As construction has almost completely stalled throughout Israel and its settlements since October 7, Israeli authorities have verbalized their intention to replace the Palestinians with foreign workers from various countries. However, Palestinian analysts tell me this scenario of successfully replacing Palestinians with foreign labor is highly unlikely. Tamir has also stated that such a plan is “not possible.”

“One reason that makes Palestinian workers desirable for Israelis is that these work permits allow Palestinians to work — but not sleep — in Israel,” Shikaki explains. “And that for Israel means the employers do not need to pay the public and service needs it would need to with foreign labor that must move their lives to Israel.” Foreign workers have encountered widespread abuse in Israel.

“The other reason pertains to the ideology of the Israeli state,” Shikaki continues. “Israel wants to be a homogenous Jewish state.
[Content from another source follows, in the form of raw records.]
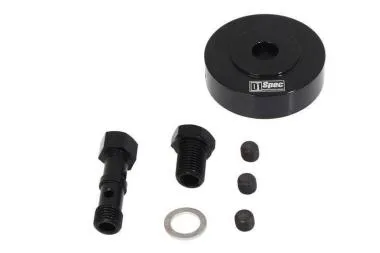 Adaptor senzor temperatura ulei D1Spec VW Golf R - DS-AT-016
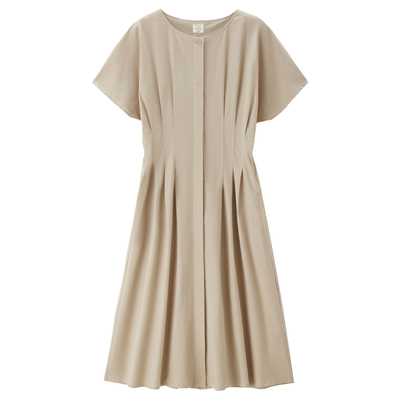 Giordano/佐丹奴衬衫裙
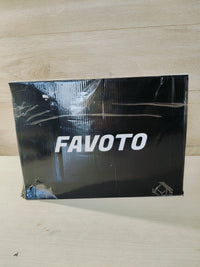 Casco Integral para Moto - Favoto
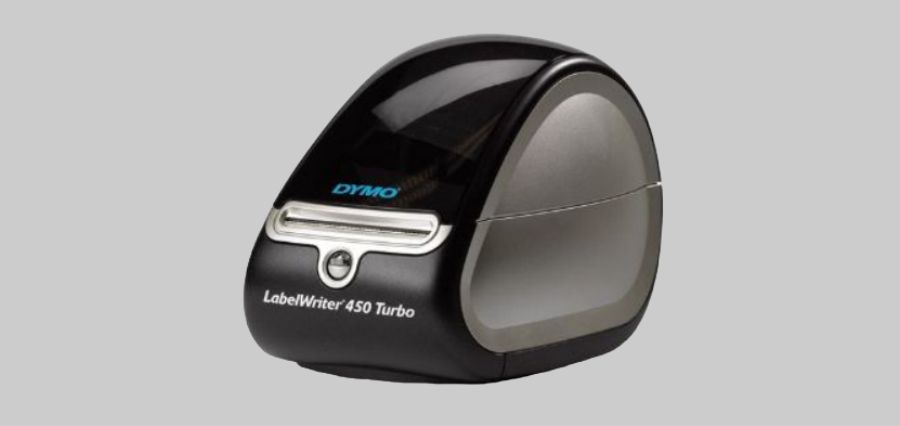 You are currently viewing Discover the Efficiency of the Dymo 1750283 LabelWriter 450 Turbo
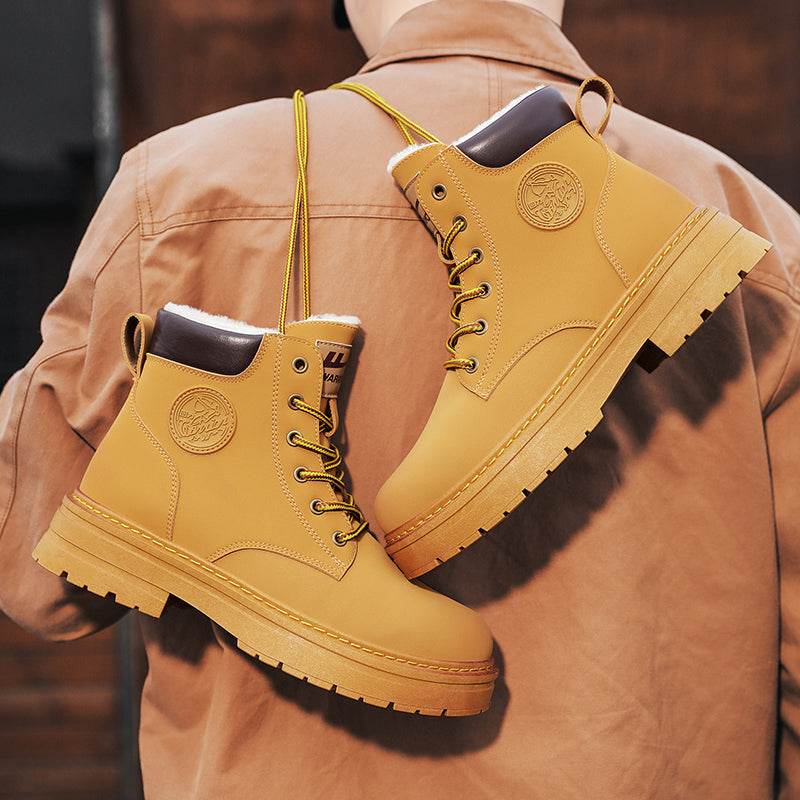 Ботинки Warrior "Back to Strength" - Boxette Shop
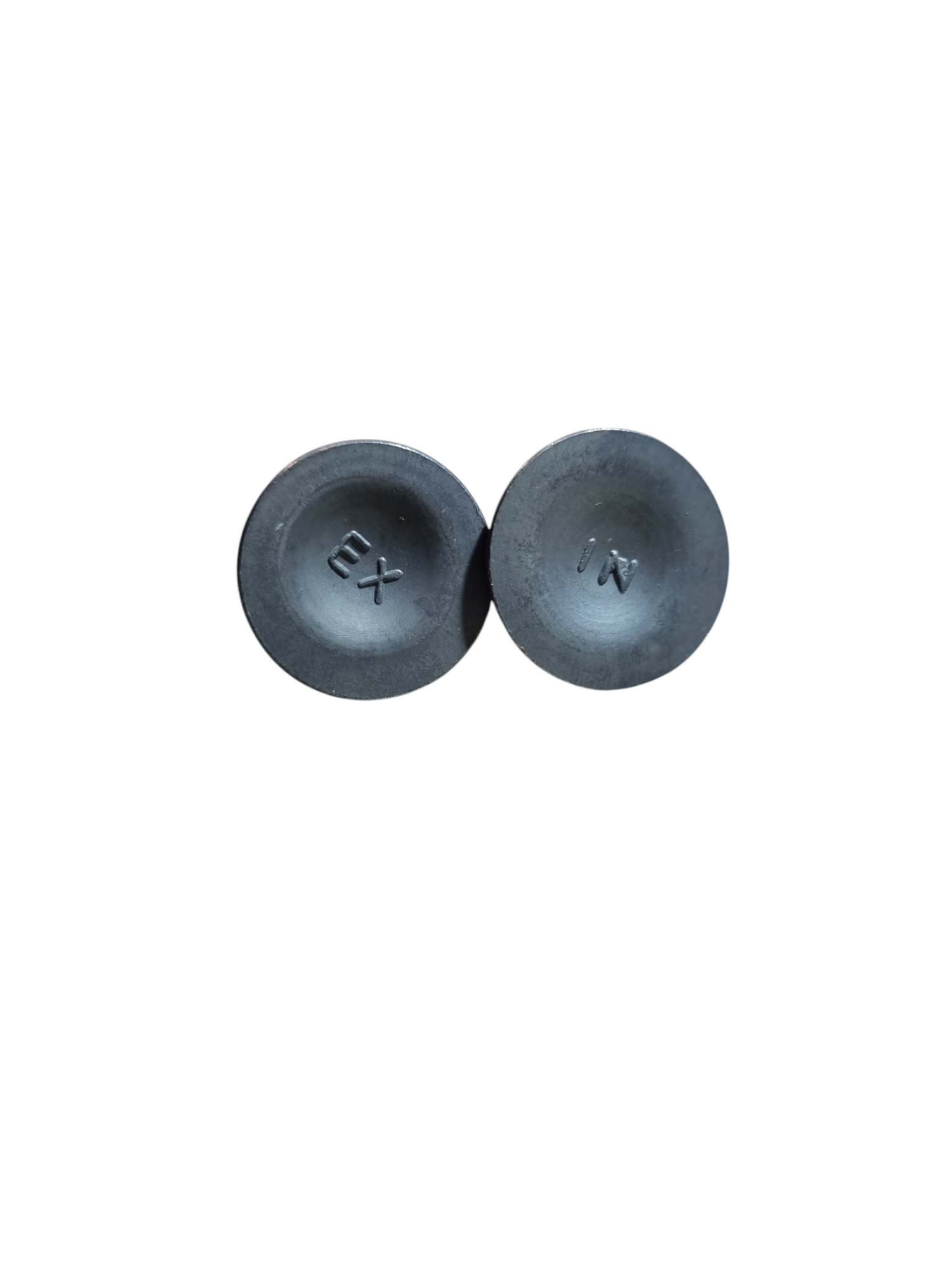 Set Supape Motor (Admisie si Evacuare) - 168F - 0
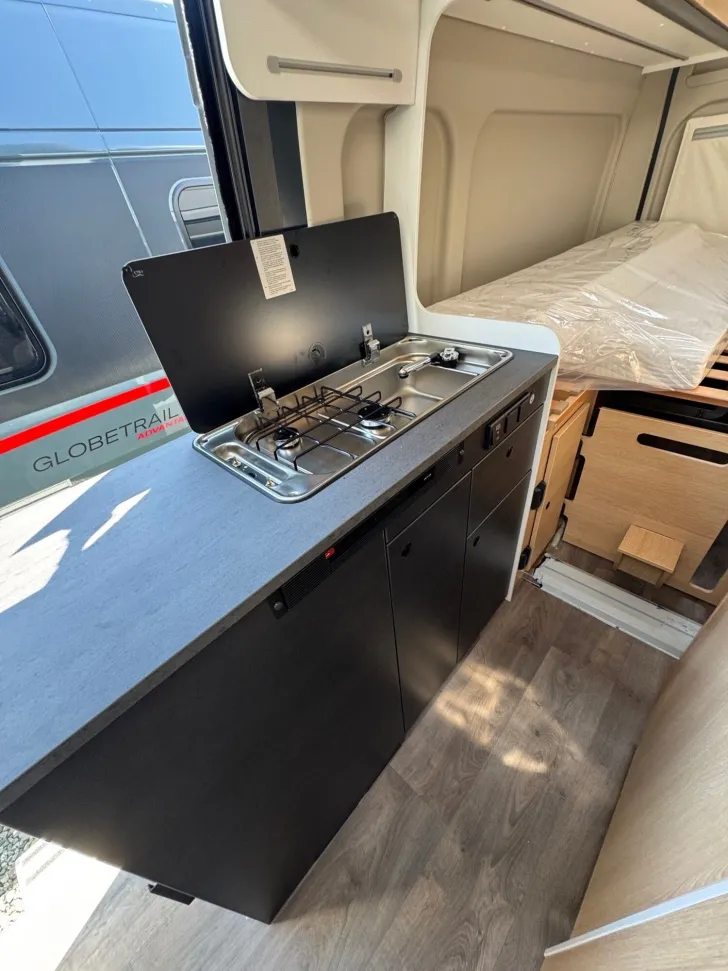 Fahrzeugbild Sunlight Adventure Cliff 602 Winteraktion #13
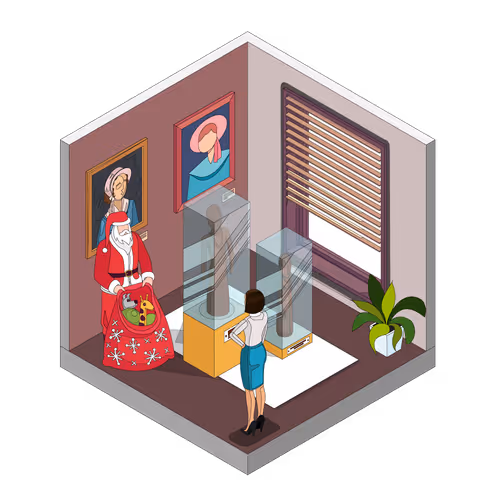 Doodlerooms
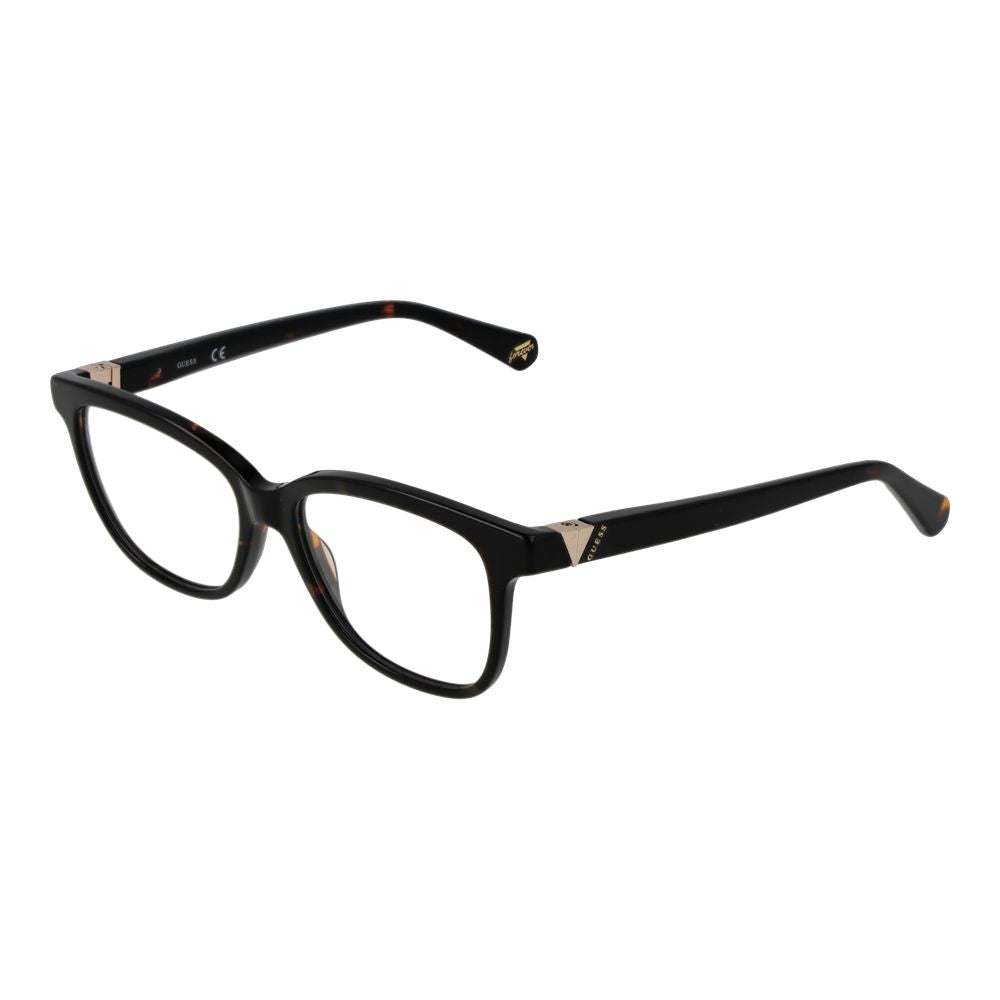 Gafas de sol unisex marrones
But bringing more and more people from places like India, Thailand, Moldova, Sri Lanka, is going to threaten and undermine that.” Most likely, Palestinians will eventually be allowed back into Israel and the rest of the settlements, but with much tighter restrictions and more security checks. “Slowly they are going to allow the workers to go back because [Israel] can’t survive without them,” Shikaki says.

Ayad says she now has “no confidence” in the union for which she and the other women at her job fought. However, Ziadeh tells me he is still proud of the workers’ achievements. At his garage, their Israeli employer has continued to respect their signed labor agreement. “I still believe we did a good thing for all the workers,” Ziadeh says.

Others, however, have little optimism. One worker, who requested anonymity, said simply: “What’s the point of a union if Israel can just close the checkpoints and not allow you to go to your job?”

[Jaclynn Ashly is an independent journalist currently based in the United States.]